DATASET EXCERPT -

***

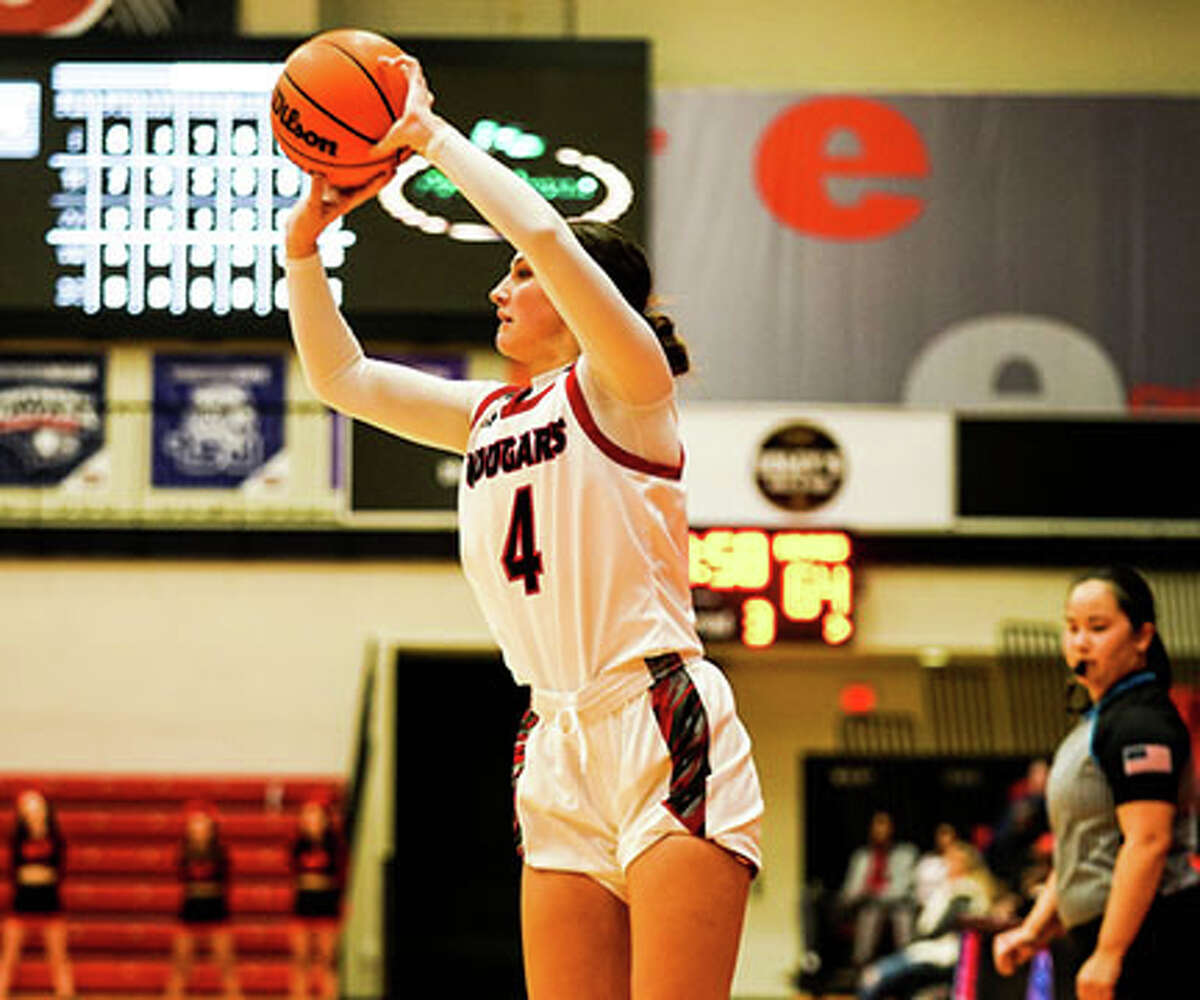 SIUE's Macy Silvey, a freshman from Edwardsville High, led the Cougars with 11 points in Saturday's loss to Memphis at First Community Arena in Edwardsville.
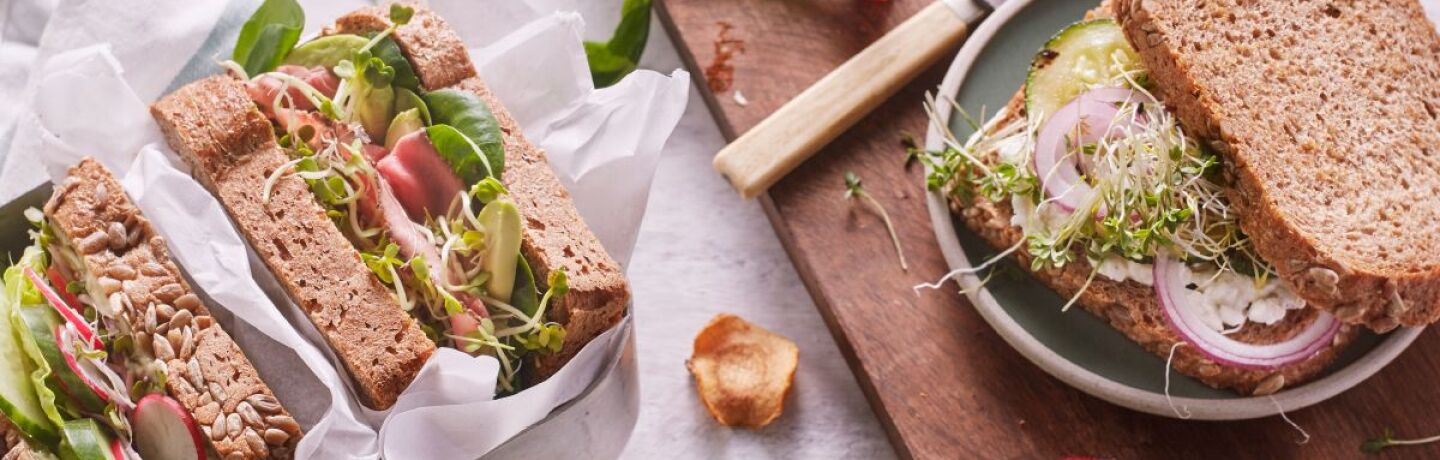 Supergezonde volkorensandwiches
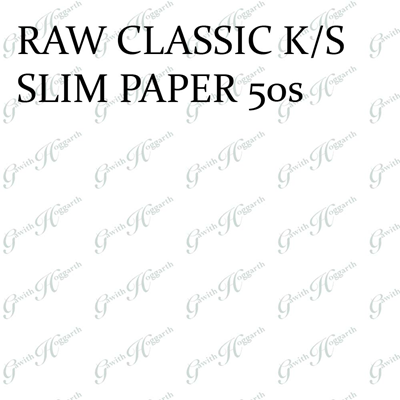 RAW CLASSIC KING SIZES SLIM PAPER (50)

***

ACTIVITY - Write out again, word for word, only the lines from the one with "Supergezonde volkorensandwiches" through the last line of the material, and omit each picture.

YOUR RESPONSE -
 Supergezonde volkorensandwiches
 RAW CLASSIC KING SIZES SLIM PAPER (50)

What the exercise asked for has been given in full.